Ma come sarebbe possibile,dunque,che un bambino riesca a svelare l'inganno mentre un intera comunità di adulti invece no?ecco la mia spiegazione:un"falso profeta"può facilmente raggirare una società accecata dal puritanesimo più bieco(o almeno così viene lasciato intendere)mentre un bambino ancora,fortunatamente,"non iniziato"a quel tipo di visione della religione cristiana ha più possibilità di chiunque altro di smascherare il male oltre che facendo ricorso all'uso della semplice logica come si evince in uno dei dialoghi tra Powell e il ragazzino quando quest'ultimo intuisce una contraddizione tra le parole del padre poco prima di essere catturato dalla polizia e quanto gli viene detto dal"falso profeta"pazzo e omicida.
Il giuramento iniziale del ragazzo fatto al padre di difendere la sorella da qualsiasi minaccia trova quindi una sua piena concretezza anche nel momento in cui la madre di famiglia(l'attrice è Shelley Winters)viene"insidiata"dal losco individuo(sotto l'inquietante sostegno della bigotta comunità,ovviamente comunque ignara della sua vera natura)che prima la sposerà e poi finirà per uccidere anche lei.
La follia di Harry Powell/Robert Mitchum corre parallela a quella più sottile ma altrettanto infida della società da cui si ritrova circondato e che amplifica"l'orrore del presente"rispetto anche a quello del passato(i precedenti delitti del pazzoide)e che quindi riesce a trovare per se stesso una sua agghiacciante"collocazione sociale"tesa a cercare una qualche forma di giustificazione per i suoi abominevoli misfatti.
I bambini riescono a fuggire dopo la morte della madre mentre il"mostro"(perchè si conferma di essere proprio questo)li insegue per impossessarsi del"maledetto denaro"ma loro si mettono in salvo su una barca che(dopo aver attraversato,nella notte,un fiume degno di un sogno tanto velatamente fanciullesco quanto scopertamente affascinante)raggiungono una fattoria dove tentano di trovare la salvezza.

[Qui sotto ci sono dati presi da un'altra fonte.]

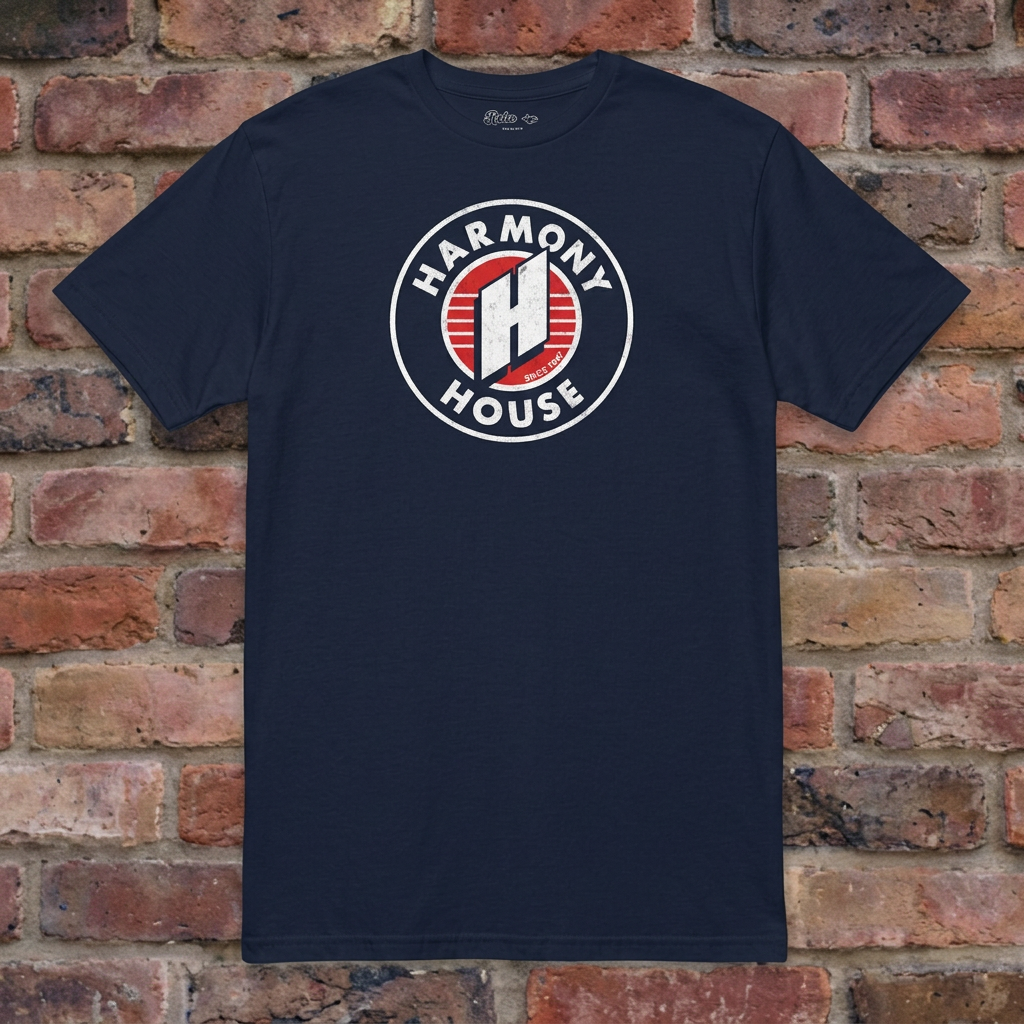Harmony House Navy T-shirt flat lay on warm brick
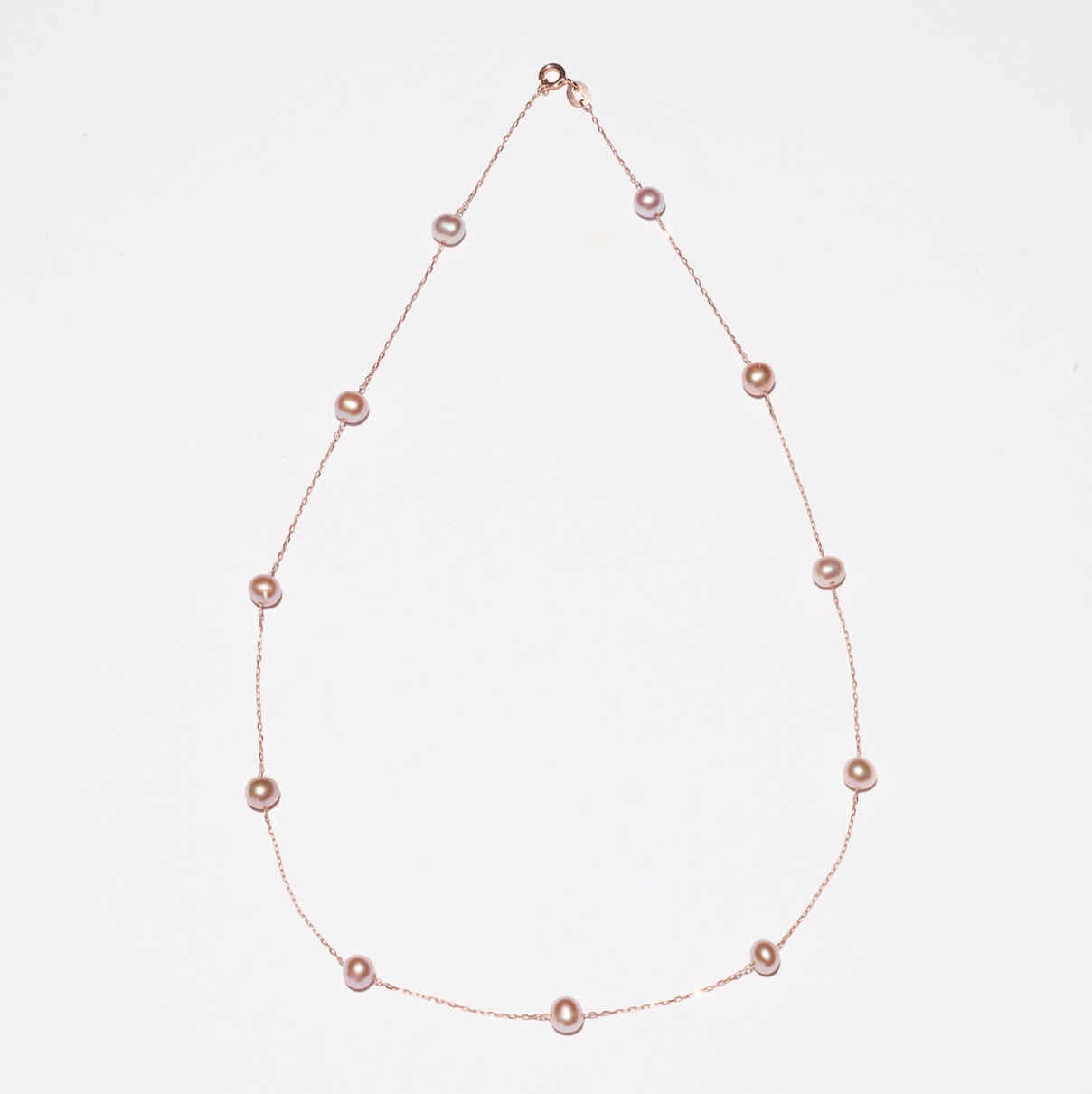 45cm Rose Gold-Plated Pearl Station Necklace with Pink Pearls
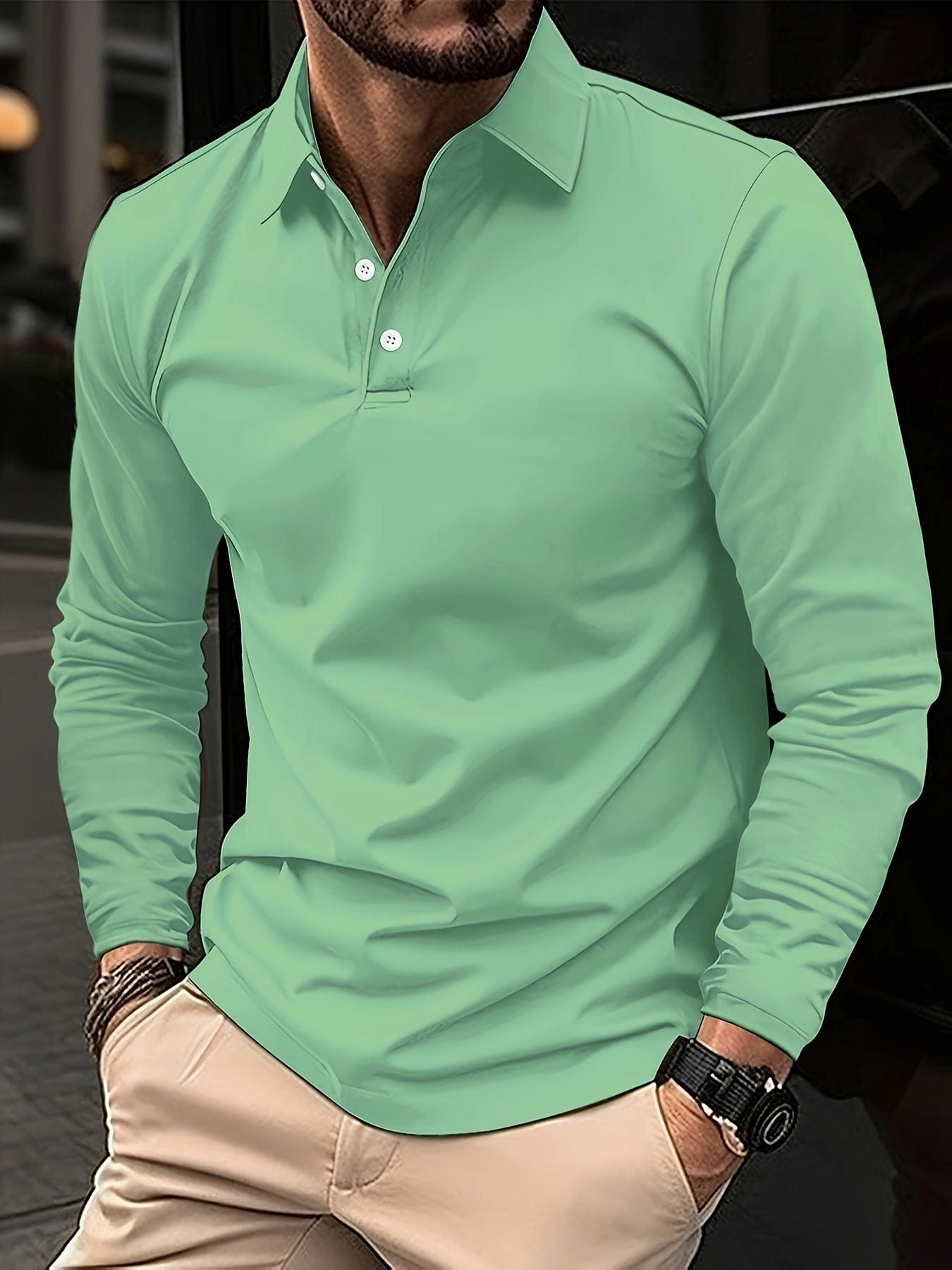 Denavio | Elegant Long Sleeve Polo Shirt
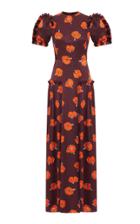 The Vampire's Wife Confessional Ruffled Floral Silk Maxi Dress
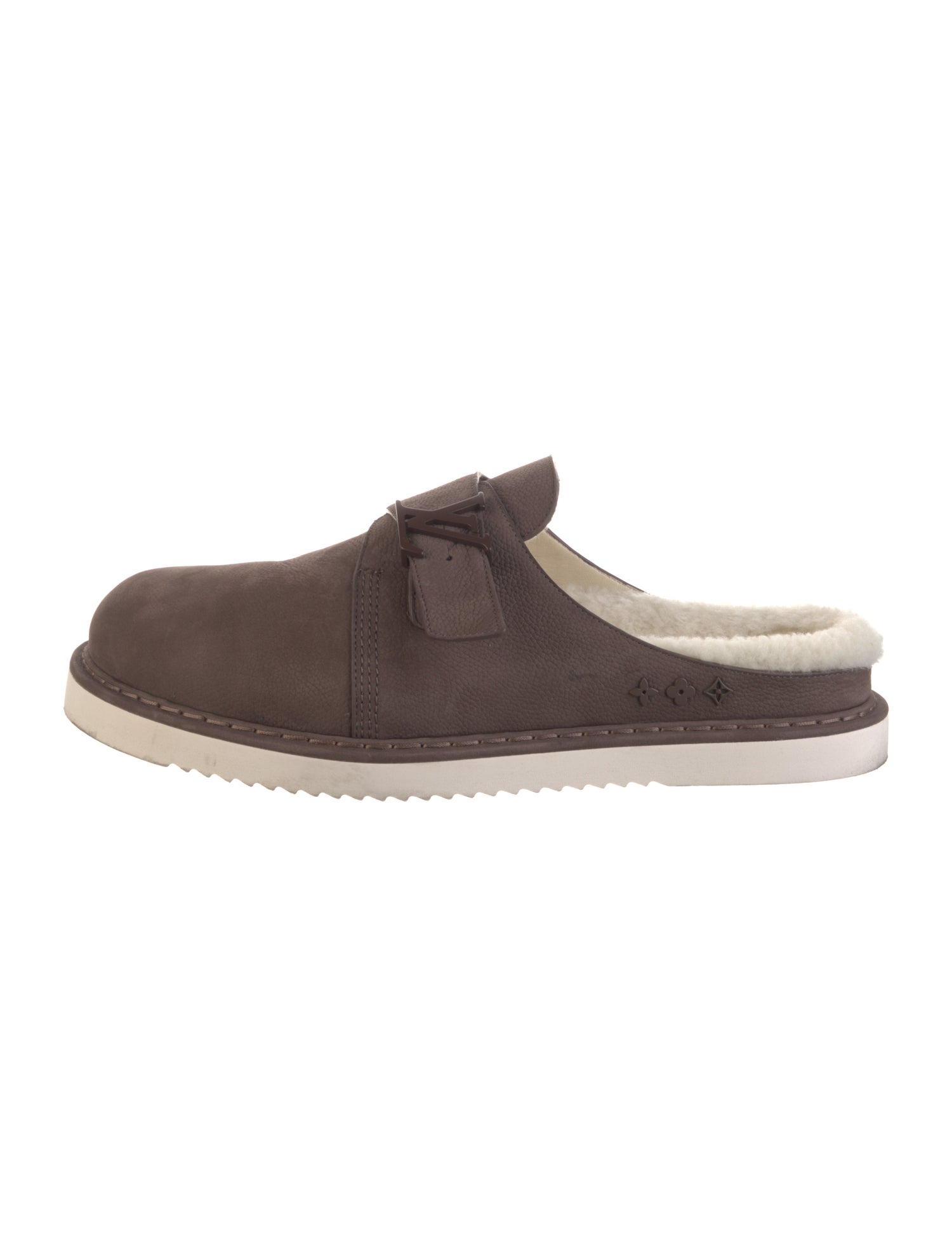Louis Vuitton Suede Fur Trim Slippers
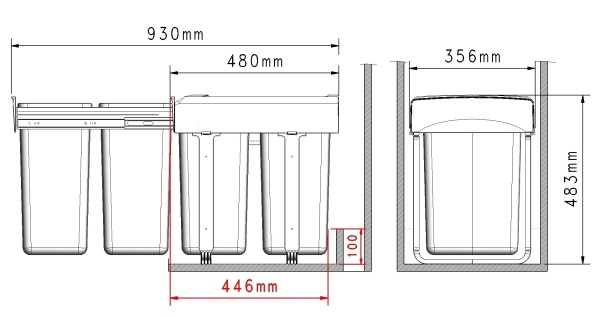 картинка Мусорное ведро MEGA 2х20 на распашной фасад 400 мм от магазина SEFI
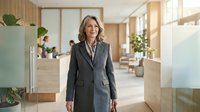 Professional mature businesswoman in gray suit standing confidently in modern office lobby with natural lighting and contemporary design elements.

Il fiume è costellato di rane,ragnatele cosparse di rugiada e volatili notturni che"accompagnano"i bambini nella loro lenta traversata verso la disperata ricerca di"un domani"ovvero di un futuro.
Essi si rifugiano in un granaio ma,anche lì,possono scorgere all'orizzonte la figura del terribile maniaco alla loro ricerca mentre canta l'ambiguo"motivo"musicale...fortunatamente avranno dalla loro parte,però,un anziana e coraggiosa signora del posto(interpretata da Lillian Gish,ex attrice dell'era del cinema muto)che,a differenza degli altri puritani,non si farà ingannare dal pazzoide e,con l'aiuto della fede e della sua tenacia dura ed efficace riuscirà a prevalere sulle forze del male e ad assicurare il malvagio alla giustizia:nella sequenza del processo la società si rivolta contro il"mostro"avendone scoperto i crimini(mentre una ragazza,fuori dal tribunale,continua a subirne l'orribile fascino e a considerarlo innocente)e tenta di linciarlo,ma fallisce e il maniaco viene portato via dalla polizia.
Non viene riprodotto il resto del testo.